Memories from Wehr’s Longest Serving Volunteer

Mary Gease has been volunteering at Wehr for 44 years. Mary shared these memories and stories in interviews in 2014 and 2023.

Getting Started with Seed Collecting

My first volunteer job was seed collecting. Mariette Nowak (Nature Center director), Jane Appleyard, and Sally Jean Lohr taught me how to process seed. Most were sold as a grass/forb mix in Wehr’s store. Seed collecting in the Kenosha area was favored, because after collecting in the A.M., we looked forward to lunch at local restaurants. Identifying species while they were dormant was tricky. We learned many species each week ; it was an excellent teaching and learning experience.

Former director Harold Rock would often join in seed collecting. He as a stickler for only picking native plant seeds. Carol Howard (current staff member) had joined us for a seed collecting session for the first time. At lunch time, we listed the species we each picked and estimated the amounts. She piped up, “Oh, and I put in lots and lots of Queen Anne’s Lace” just to see Harold’s eyes bug out. Such a subtle jokester; we knew we were going to enjoy this new volunteer!

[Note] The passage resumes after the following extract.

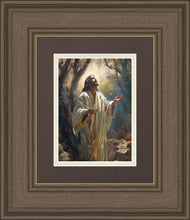 Load image into Gallery viewer, Jesus Prays in the Garden of Gethsemane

Rescuing Wildflowers with Bulldozer Alert

I also got involved with the Bulldozer Alert volunteers who when each Thursday to rescue wildflowers that were going to be destroyed during construction projects. We transplanted them to Wehr and I even got to take some to plant at my home in Caledonia. We all rode in a county van to dig wildflowers from prime woodlands as New Berlin Industrial Park was developed. transplanted. Mariette Nowak and Harold Rock (Stay on the paths!) coordinated the group. Karen Kerans drove the van on occasion, giving riders a thrill as we barreled down the steep drop on Grange. Sometimes we have didn’t have enough seating, and this was before seatbelts were mandatory because I do remember riding in the back, sitting on the spare tire. We had a lot of fun together!

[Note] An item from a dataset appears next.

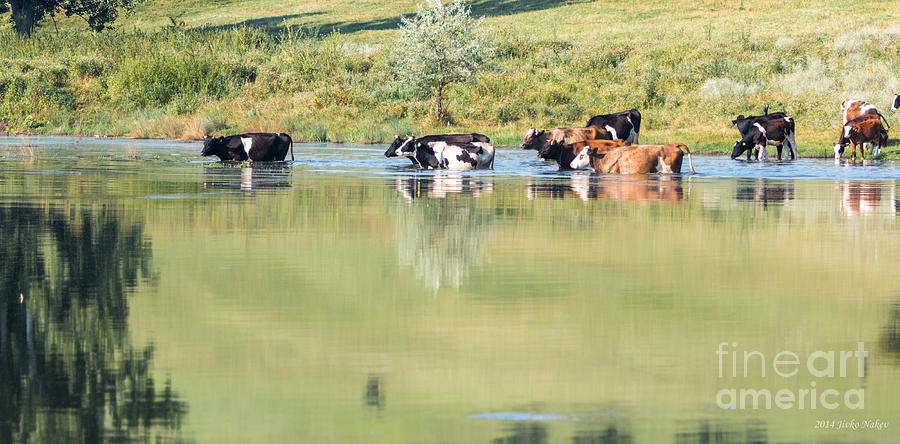 Cattle in water pond Photograph by Jivko Nakev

Planting Waterlilies in Mallard Lake

Mariette ordered lotus and waterlily rootstock and she and I went out in an inflatable plastic raft. As we planted those rhizomes and moved to another spot, the danged things came floating back up behind us! Finally tied each to heavy metal nuts to keep them in place. To keep the lotus rootstock from being eaten by muskrats, it was recommended that wire hardware cloth pieces be placed over them. Unfortunately, the sharp end pieces of those wires pierced our craft and we had to paddle to the lake edge to avoid getting soaked. Fun memory!

Fun with Fridays Afield

Mariette always did such a great job with Fridays Afield tours of natural areas around southern Wisconsin. She often had knowledgeable hike leaders waiting for us at these sites. I was privileged to go with her to scout some places. One involved us getting “a little lost” as we ventured off the paths to see a tamarack grove. Another time, two scruff guys with a dog approached us and asked if we could call the police to the scene, as their dog had discovered something dead rolled up in a quilt! Turned out it was a dog, but it still gave us the willies!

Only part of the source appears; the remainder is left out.